▶ INSTRUCTIONS FOR THE TASK
Although the data below holds other lines too, output only those from the line with "A spacious living" up to and including the line with "Nello color puzzle", exactly as they appear.

INPUT RECORDS below:

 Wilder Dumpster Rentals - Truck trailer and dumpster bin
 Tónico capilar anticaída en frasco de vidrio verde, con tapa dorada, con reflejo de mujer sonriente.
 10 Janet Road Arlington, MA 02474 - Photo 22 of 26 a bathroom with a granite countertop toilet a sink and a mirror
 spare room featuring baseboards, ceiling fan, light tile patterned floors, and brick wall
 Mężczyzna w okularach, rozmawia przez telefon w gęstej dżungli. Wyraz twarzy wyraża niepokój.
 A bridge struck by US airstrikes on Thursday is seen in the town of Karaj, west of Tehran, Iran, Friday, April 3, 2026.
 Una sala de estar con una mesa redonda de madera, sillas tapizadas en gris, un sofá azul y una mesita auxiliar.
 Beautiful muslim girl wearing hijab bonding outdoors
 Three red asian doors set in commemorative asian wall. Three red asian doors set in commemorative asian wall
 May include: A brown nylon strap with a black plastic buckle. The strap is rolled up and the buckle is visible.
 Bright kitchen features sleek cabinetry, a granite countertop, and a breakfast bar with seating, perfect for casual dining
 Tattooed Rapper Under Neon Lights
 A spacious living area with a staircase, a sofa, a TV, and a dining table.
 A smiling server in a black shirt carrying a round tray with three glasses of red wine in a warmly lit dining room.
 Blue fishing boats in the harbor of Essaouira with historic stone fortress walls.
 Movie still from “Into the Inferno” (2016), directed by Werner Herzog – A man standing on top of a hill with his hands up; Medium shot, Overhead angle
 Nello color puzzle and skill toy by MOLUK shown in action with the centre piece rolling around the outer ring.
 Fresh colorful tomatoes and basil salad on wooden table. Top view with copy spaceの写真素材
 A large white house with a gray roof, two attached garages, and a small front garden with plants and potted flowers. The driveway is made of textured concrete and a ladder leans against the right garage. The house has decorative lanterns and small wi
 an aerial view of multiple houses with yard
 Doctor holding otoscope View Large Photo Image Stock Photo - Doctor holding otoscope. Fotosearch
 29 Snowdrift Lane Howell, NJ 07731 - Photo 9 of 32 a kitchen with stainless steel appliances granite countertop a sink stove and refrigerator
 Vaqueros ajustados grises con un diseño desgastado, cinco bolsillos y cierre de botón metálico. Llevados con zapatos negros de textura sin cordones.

End of INPUT RECORDS.

▶ RESPONSE TO THE TASK
 A spacious living area with a staircase, a sofa, a TV, and a dining table.
 A smiling server in a black shirt carrying a round tray with three glasses of red wine in a warmly lit dining room.
 Blue fishing boats in the harbor of Essaouira with historic stone fortress walls.
 Movie still from “Into the Inferno” (2016), directed by Werner Herzog – A man standing on top of a hill with his hands up; Medium shot, Overhead angle
 Nello color puzzle and skill toy by MOLUK shown in action with the centre piece rolling around the outer ring.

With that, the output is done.